The analysts said the bank's business of providing 401(k) plans and record-keeping services to 137 large corporate clients has been a money loser in recent years.

David Berry, research director at Keefe, Bruyette & Woods, estimated the drag on earnings at about 10 cents a share. He has been expecting third- quarter earnings of about $1.90 per share.

Other observers said the potential sale, which could fetch several hundred million dollars, is an encouraging sign that the bank remains focused on shedding or retooling underperforming businesses.

"They are clearly looking at unprofitable businesses to see what can be done about them," said Raphael Soifer, bank analyst at Brown Brothers Harriman & Co.

In mapping an exit from the retirement services business, Bankers Trust is taking the opposite approach from many other large financial services companies. With baby boomers stockpiling retirement assets, the 401(k) business has been touted as a growth area for decades to come.

Bankers Trust declined to comment on rumors of a pending sale, which were reported Wednesday by The Wall Street Journal. But several well-placed sources confirmed that a book outlining the business is being circulated among prospective buyers and that the company appears committed to the project.

"You look at the business and you see that it might be worth a lot more to some other company," said a source who is familiar with the bank's discussions.

Bankers Trust has found it hard to compete because it specializes in low-margin indexed funds, Mr. Berry said. Investment management fees from this business are too low to offset the high cost of communicating with millions of plan participants and maintaining account records for them, he said.

"The big players like Fidelity (Investments) give the record keeping services away hoping to get a bigger share of assets in their actively managed funds," said Mr. Berry. "Bankers Trust doesn't have that choice."

Although Bankers Trust was one of the earliest entrants in the 401(k) business, its decision to sell surprised few observers.

"That business either has to be built up through investments or sold," said Robert Albertson, an analyst at Goldman Sachs & Co. "They may have the view that it's too late" to do anything but sell.

Four years ago, Bankers Trust unveiled a highly publicized alliance with Charles Schwab Corp. that gave bank clients access to nearly 200 no-load mutual funds. The alliance is still in effect, but observers said it has not produced much business.
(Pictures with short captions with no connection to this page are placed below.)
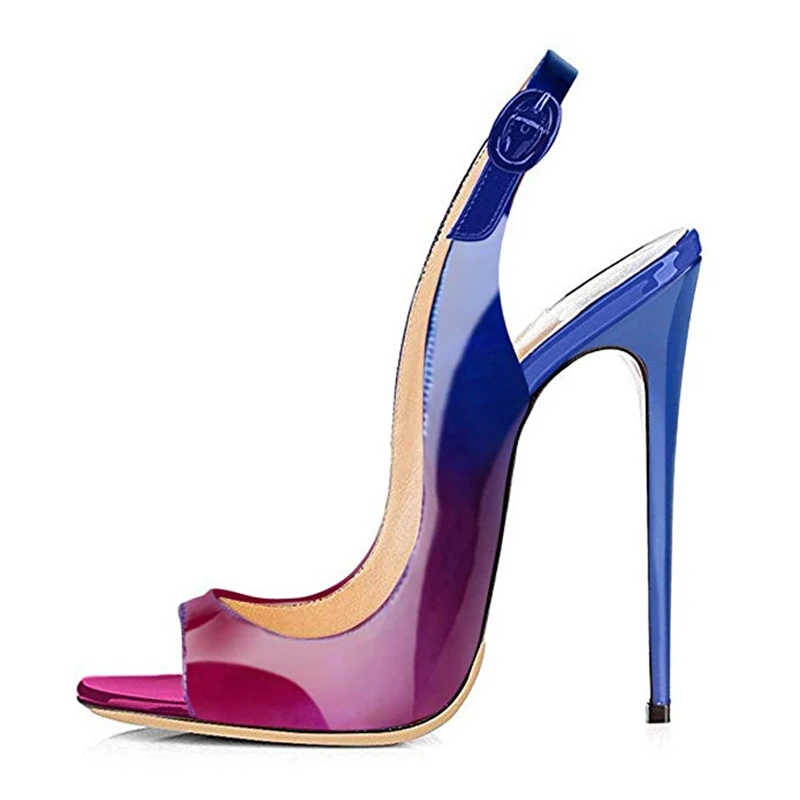 Karinluna/ размера плюс 45; брендовые дизайнерские Разноцветные Летние вечерние туфли; пикантные женские туфли-лодочки на высоком каблуке с открытым носком; босоножки
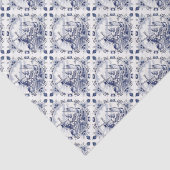 キュートヴィンテージオランダウィンドミルセーロボートデルフトブルー 薄葉紙 (詳細)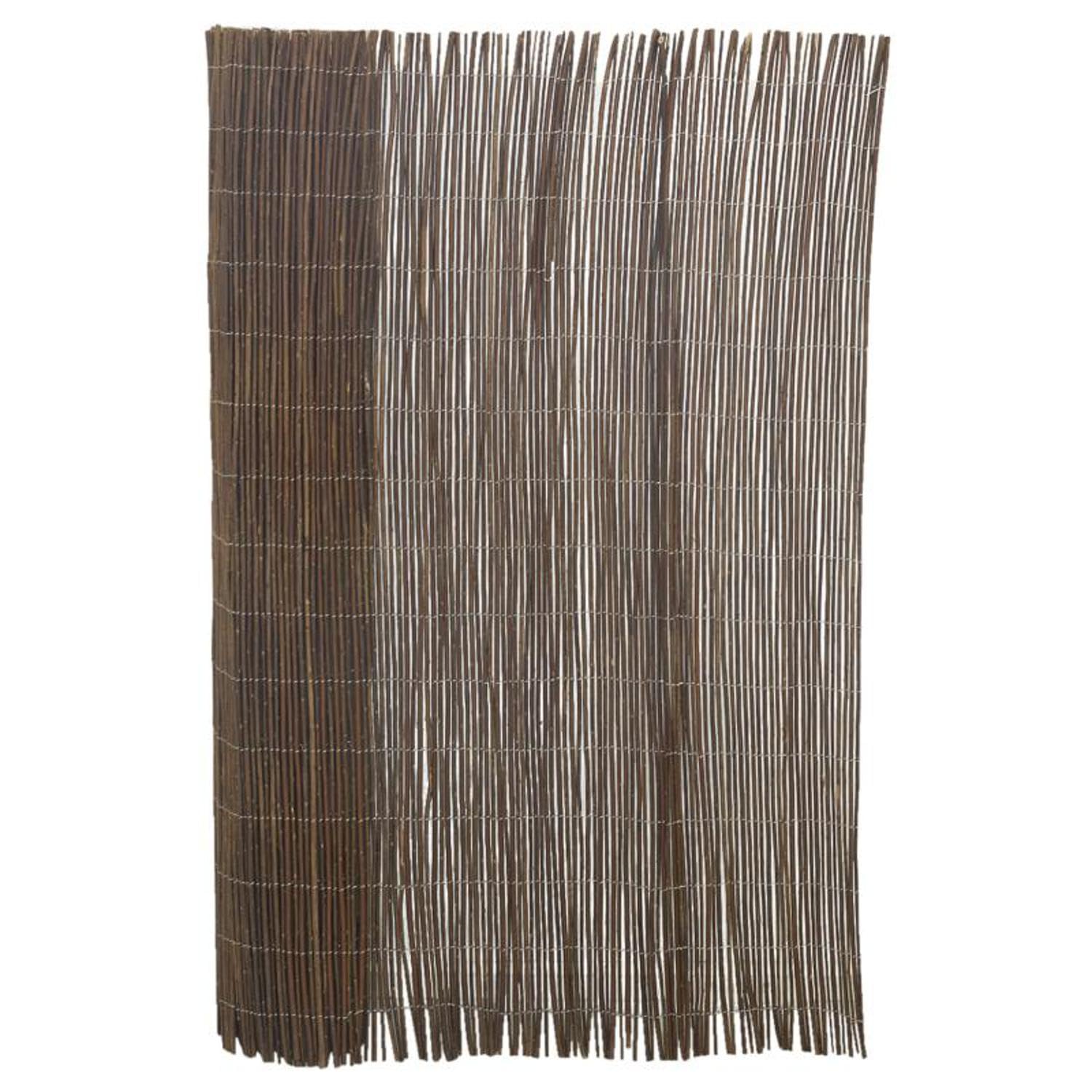 AUBRY GASPARD - Canisse en Osier Naturel - Brise Vue Jardin occultant - Livré en Rouleau avec Sac de Transport - Idéale pour Jardin et Terrasse - Résistant aux intempéries - 150x500 cm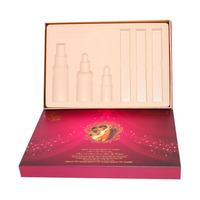 Boîte cadeau cosmétique rigide personnalisée, emballage de luxe pour soins de la peau avec insert en mousse personnalisé pour ensemble de flacons de sérum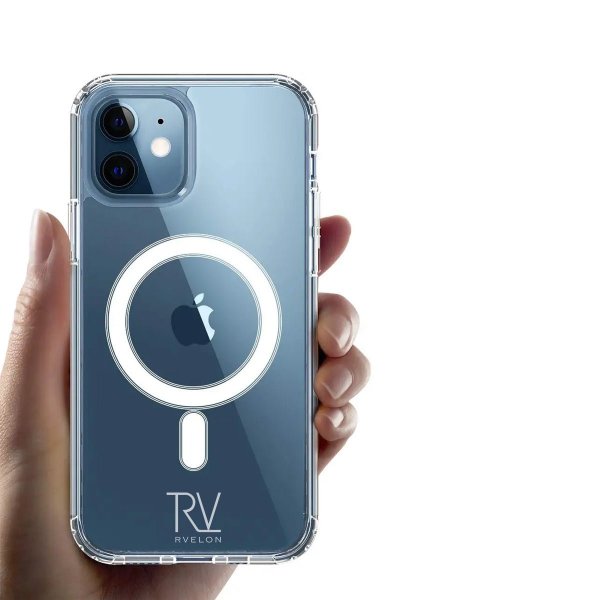 Rvelon iPhone 12 Mini Skal TPU MagSafe Transparent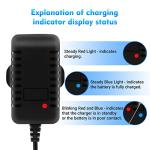 Haisito Smart Battery Charger with Universal Adapters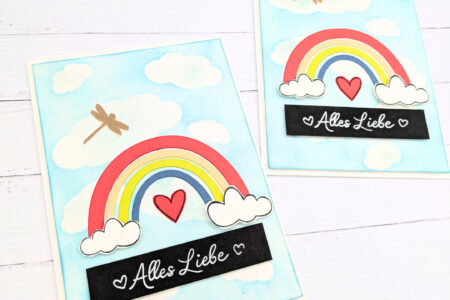 Bunte Regenbogen Karte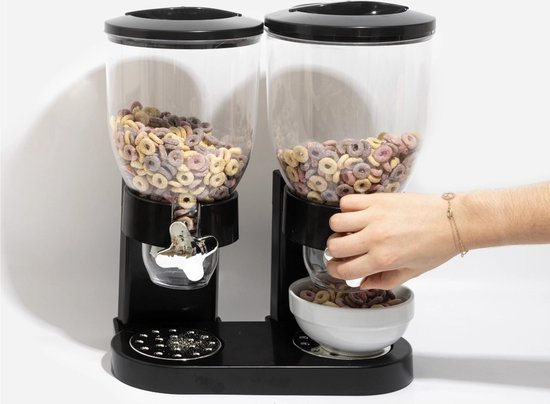 Foto: Cornflakes dispenser voedsel dispenser rijst dispenser food dispenser ontbijtgranen voorraaddoos rijst container cereal muesli dispenser cornflakes ontbijtgranen bewaardoos cornflakes 2 dispensers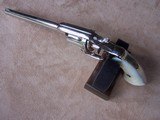 Colt Nickel New Police, 6” barrel, Pearl Grips, .32 Colt, Very Rare - 5 of 20
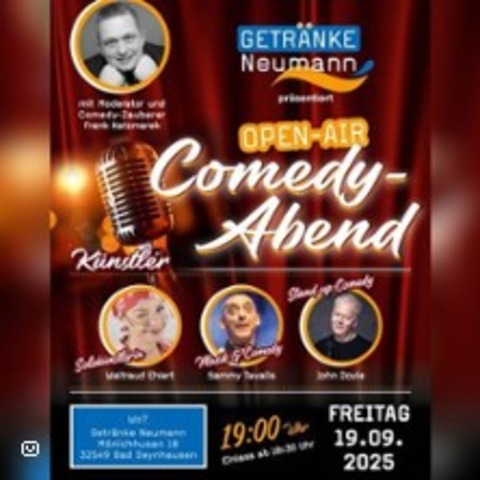 Open-Air Comedy Abend - BAD OEYNHAUSEN - 19.09.2025 19:00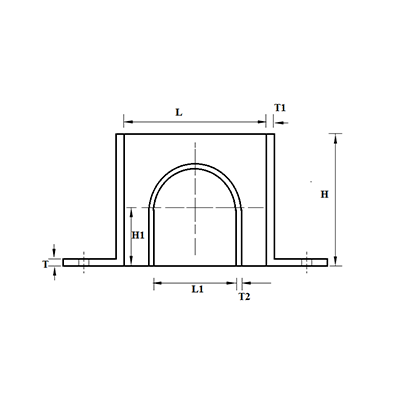 Tee Holder Fitting for CPVC Pipes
Bankers Trust does boasts some large retirement plan clients-such as Lockheed Martin in Bethesda, Md. But plan sponsors tend to hire Bankers Trust for specific services rather than for a complete package of services, sources said.

"These big companies want a lot of services," said Gary Blank, an independent consultant in San Francisco. Bankers Trust "probably did a cost-benefit analysis and decided that they just couldn't compete."

Bankers Trust was also late to introduce daily valuation services, increasingly seen as a vital feature of 401(k) plans.

The result was a lot of customer dissatisfaction, said John Mulligan, a consultant at Retirement Plan Strategies in Braintree, Mass. "They have stemmed the tide a bit," he said, "but you never hear about them getting a new client."